*AIM OF THE TASK:*
Would it be possible to quote, exactly and in full, the lines from the one with "image for item" through the end of the entries below?

*RECORDS TO PROCESS:*
*** Block opens ***

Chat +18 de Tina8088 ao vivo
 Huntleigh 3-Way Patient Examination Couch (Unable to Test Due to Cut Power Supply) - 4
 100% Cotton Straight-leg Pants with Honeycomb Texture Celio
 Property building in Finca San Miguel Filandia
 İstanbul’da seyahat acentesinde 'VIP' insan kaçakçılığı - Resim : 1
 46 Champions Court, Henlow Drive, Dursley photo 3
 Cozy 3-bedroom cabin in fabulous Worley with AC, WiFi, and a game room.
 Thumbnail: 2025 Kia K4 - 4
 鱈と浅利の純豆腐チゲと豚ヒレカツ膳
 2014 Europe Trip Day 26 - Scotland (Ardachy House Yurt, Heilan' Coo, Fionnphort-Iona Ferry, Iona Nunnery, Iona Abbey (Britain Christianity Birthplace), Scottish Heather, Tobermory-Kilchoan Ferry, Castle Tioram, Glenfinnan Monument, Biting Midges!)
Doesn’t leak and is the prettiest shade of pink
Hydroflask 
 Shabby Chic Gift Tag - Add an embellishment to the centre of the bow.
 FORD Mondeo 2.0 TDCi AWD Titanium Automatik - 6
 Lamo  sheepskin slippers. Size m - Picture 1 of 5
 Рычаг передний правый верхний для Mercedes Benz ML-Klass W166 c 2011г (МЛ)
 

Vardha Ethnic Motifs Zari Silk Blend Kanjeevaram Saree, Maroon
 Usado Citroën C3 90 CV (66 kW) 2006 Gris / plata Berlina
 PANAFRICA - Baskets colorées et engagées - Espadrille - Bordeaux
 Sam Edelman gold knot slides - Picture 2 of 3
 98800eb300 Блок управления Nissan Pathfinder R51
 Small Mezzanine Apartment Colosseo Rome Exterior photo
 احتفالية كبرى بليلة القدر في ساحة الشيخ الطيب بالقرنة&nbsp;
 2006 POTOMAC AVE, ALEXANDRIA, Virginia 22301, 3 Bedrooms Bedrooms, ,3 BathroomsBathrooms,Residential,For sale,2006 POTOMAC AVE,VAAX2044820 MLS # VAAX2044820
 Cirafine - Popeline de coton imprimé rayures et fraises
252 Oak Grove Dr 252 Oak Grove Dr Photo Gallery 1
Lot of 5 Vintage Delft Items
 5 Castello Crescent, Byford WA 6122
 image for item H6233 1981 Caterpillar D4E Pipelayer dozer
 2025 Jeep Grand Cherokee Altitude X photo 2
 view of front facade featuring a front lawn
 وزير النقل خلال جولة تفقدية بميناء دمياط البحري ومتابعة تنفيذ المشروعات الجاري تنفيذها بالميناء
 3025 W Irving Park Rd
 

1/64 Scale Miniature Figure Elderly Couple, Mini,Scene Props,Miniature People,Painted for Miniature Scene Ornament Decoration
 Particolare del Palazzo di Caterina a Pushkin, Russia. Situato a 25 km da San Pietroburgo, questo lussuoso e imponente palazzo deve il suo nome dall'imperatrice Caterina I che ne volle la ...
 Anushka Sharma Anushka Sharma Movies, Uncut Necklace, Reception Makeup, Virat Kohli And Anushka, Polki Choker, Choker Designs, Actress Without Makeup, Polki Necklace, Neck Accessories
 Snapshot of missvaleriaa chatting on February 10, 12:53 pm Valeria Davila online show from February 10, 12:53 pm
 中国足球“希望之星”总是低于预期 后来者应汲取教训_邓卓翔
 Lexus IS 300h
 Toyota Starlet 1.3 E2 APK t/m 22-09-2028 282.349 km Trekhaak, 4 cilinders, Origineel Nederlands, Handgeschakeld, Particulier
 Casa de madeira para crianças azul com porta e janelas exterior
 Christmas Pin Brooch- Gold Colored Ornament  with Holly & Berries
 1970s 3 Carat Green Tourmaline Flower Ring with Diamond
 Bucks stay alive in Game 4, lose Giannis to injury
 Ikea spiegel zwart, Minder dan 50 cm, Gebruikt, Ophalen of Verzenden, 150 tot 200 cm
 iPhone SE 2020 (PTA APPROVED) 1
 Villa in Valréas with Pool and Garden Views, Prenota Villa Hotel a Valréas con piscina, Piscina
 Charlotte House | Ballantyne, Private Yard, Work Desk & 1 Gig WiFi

*** Block closes ***

*WRITTEN RESPONSE:*
 image for item H6233 1981 Caterpillar D4E Pipelayer dozer
 2025 Jeep Grand Cherokee Altitude X photo 2
 view of front facade featuring a front lawn
 وزير النقل خلال جولة تفقدية بميناء دمياط البحري ومتابعة تنفيذ المشروعات الجاري تنفيذها بالميناء
 3025 W Irving Park Rd
 

1/64 Scale Miniature Figure Elderly Couple, Mini,Scene Props,Miniature People,Painted for Miniature Scene Ornament Decoration
 Particolare del Palazzo di Caterina a Pushkin, Russia. Situato a 25 km da San Pietroburgo, questo lussuoso e imponente palazzo deve il suo nome dall'imperatrice Caterina I che ne volle la ...
 Anushka Sharma Anushka Sharma Movies, Uncut Necklace, Reception Makeup, Virat Kohli And Anushka, Polki Choker, Choker Designs, Actress Without Makeup, Polki Necklace, Neck Accessories
 Snapshot of missvaleriaa chatting on February 10, 12:53 pm Valeria Davila online show from February 10, 12:53 pm
 中国足球“希望之星”总是低于预期 后来者应汲取教训_邓卓翔
 Lexus IS 300h
 Toyota Starlet 1.3 E2 APK t/m 22-09-2028 282.349 km Trekhaak, 4 cilinders, Origineel Nederlands, Handgeschakeld, Particulier
 Casa de madeira para crianças azul com porta e janelas exterior
 Christmas Pin Brooch- Gold Colored Ornament  with Holly & Berries
 1970s 3 Carat Green Tourmaline Flower Ring with Diamond
 Bucks stay alive in Game 4, lose Giannis to injury
 Ikea spiegel zwart, Minder dan 50 cm, Gebruikt, Ophalen of Verzenden, 150 tot 200 cm
 iPhone SE 2020 (PTA APPROVED) 1
 Villa in Valréas with Pool and Garden Views, Prenota Villa Hotel a Valréas con piscina, Piscina
 Charlotte House | Ballantyne, Private Yard, Work Desk & 1 Gig WiFi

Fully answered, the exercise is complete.